╭─ Data excerpts

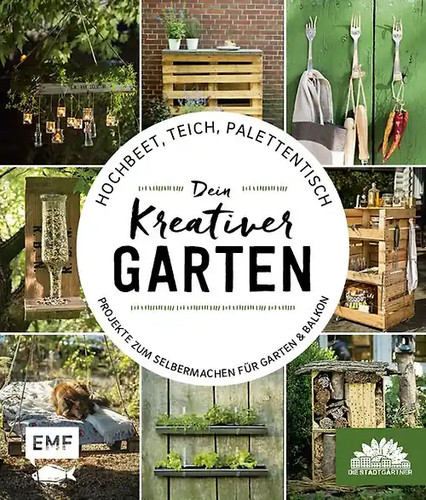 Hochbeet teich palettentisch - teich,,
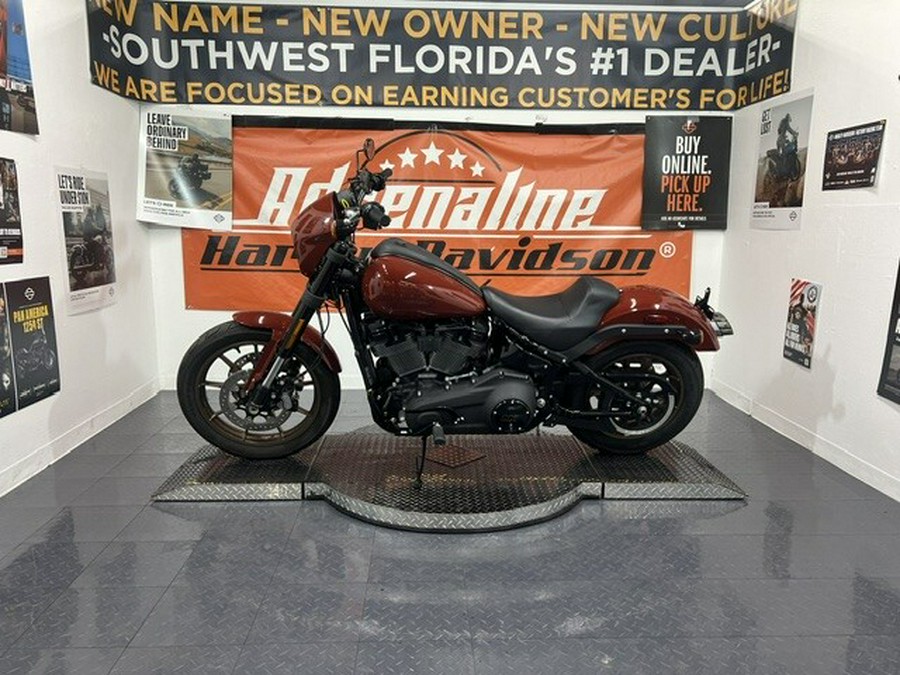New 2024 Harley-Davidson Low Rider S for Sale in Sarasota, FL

╰─
╭─ Data excerpts

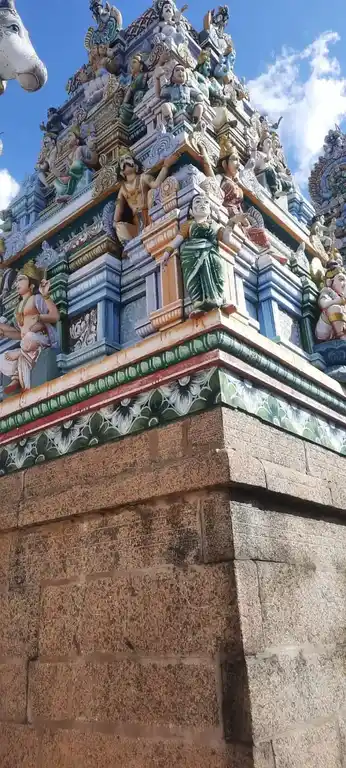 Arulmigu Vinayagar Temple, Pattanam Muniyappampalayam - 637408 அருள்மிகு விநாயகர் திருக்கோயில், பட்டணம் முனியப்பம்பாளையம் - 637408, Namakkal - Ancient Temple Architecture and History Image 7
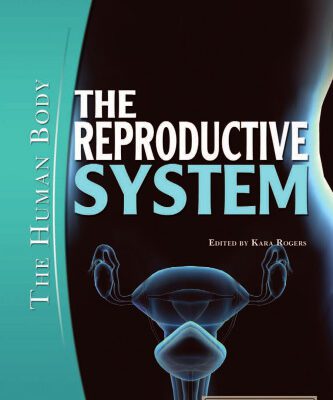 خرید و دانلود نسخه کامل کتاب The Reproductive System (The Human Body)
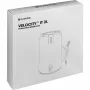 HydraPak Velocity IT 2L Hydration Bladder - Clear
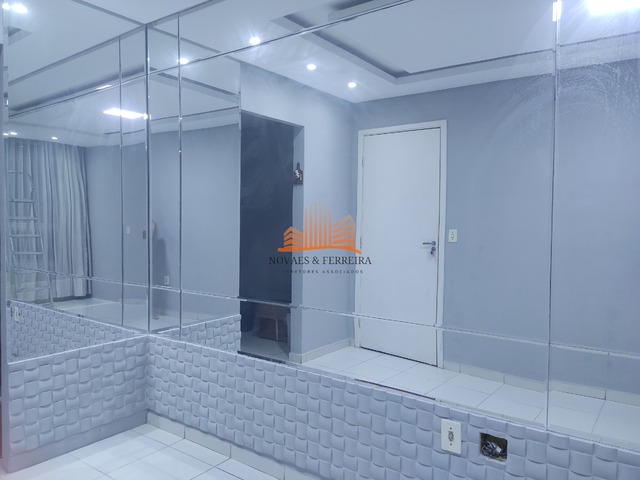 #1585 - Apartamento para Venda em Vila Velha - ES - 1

╰─

Exactly reproduce the lines above, starting at the one that contains "HydraPak Velocity IT" and ending at the one that contains "#1585 - Apartamento", both inclusive; leave the pictures out and add no other lines.

 HydraPak Velocity IT 2L Hydration Bladder - Clear
 #1585 - Apartamento para Venda em Vila Velha - ES - 1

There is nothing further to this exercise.